At IMMA the first sight I see on the way in is Barry Flanagan's giant bronze marching hare - a work expressly designed to put you in a good humour. It was originally intended for Aras an Uachtaran until President MacAleese discovered that Flanagan was a Brit. A happy conclusion as far more people now get to see it.

First stop was in the basement of the garden gallery for the Les Levine show. Levine was born in Dublin but moved to Canada and the USA in his early twenties so we can lay little claim to him. I'm not sure we want to anyway on the evidence of this show. The first exhibit was a video of an interview with the artist where he showed himself to be both long-winded and self-important. His CV suggests that lecturing was a big part of his career and I suspect that guff may be his forte. He's considered to be one of the founding fathers of media art (art that uses technology) but there's no evidence of that in the show. The exhibits consisted of photographs of a number of unremarkable bill-board campaigns and a series of 80 photographs from the Troubles in the North. These consisted of the usual gormless Unionists waving Union Jacks or hard-bitten Republican biddies looking sour. I then moved upstairs to where Nick Miller was responding to the studio of Edward McGuire. This was more like it. There was an interesting RTE interview of McGuire by Ciaran McGonigal where he outlined his colour theories. There were also artefacts from McGuire's studio including stuffed birds, his jazz records (Oscar Peterson etc.) and a mummified hare. There were also a series of paintings by Miller where he did a contemporary rendering of some portraits done by McGuire. Thus we saw a fresh-faced young Garech de Bruin by McGuire alongside the current aged version of the same man (see above). Chastening that for the sitter I felt. Anthony Cronin (above) and Paul Durcan were also given the same Dorian Gray treatment.

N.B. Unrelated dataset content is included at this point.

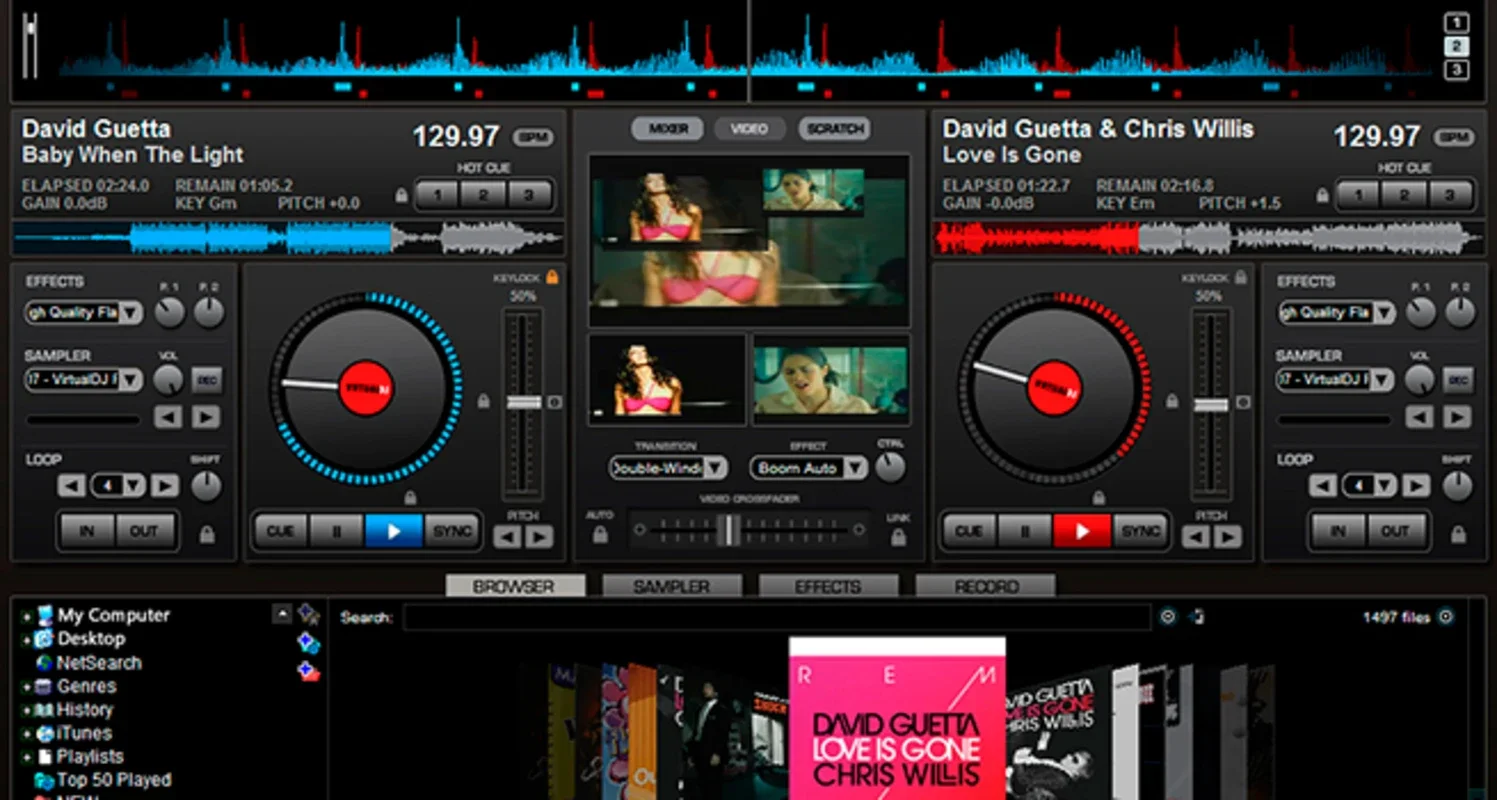 VirtualDJ for Mac: Intuitive DJ Software for All Skill Levels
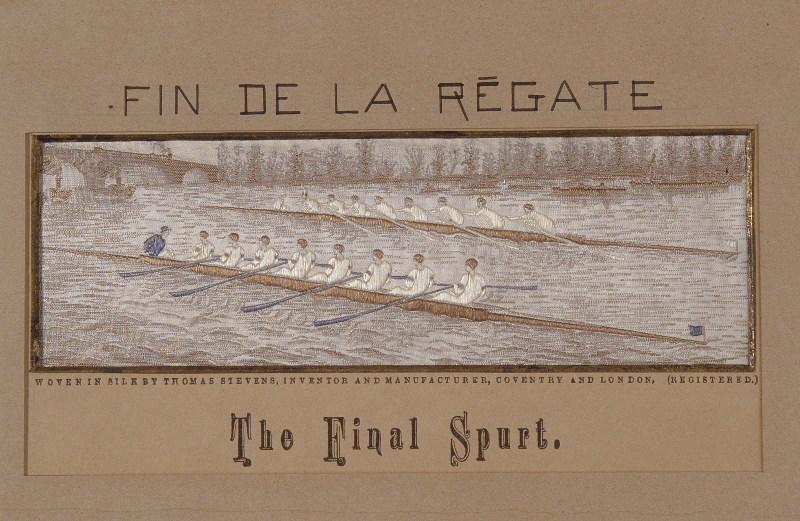 Fin de la régate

Back in the main square of IMMA I dropped in to Shot at Dawn, Chloe Dewe Mathews' photographs of locations where 1st World War deserters had been executed. This didn't work I felt. There was only banality where poignancy should have prevailed.

I headed back into town for a late lunch. I parked near the Four Courts and went for a stroll along the Liffey dropping into the Winding Stair for a browse. I happened on a curious self-lacerating poem by a relation of mine in the autumn edition of Moth - Blame was the title. There's an eclectic collection of books on view. Despite my going off him in recent years (the perverse pro-Bush posturing) I bought And Yet - Christopher Hitchens final collection of unpublished essays.

And so to lunch with a friend at Terra Madre. This is a discreetly located Italian restaurant - concealed in a basement on Bachelor's Walk. It features rustic, no-bullshit, Italian food with an extensive wine list. I had the bresaola followed by a truffle ravioli with lots of bread and a tasty bottle of Barberesco. A short, sharp, shock of espresso and I was on the road again.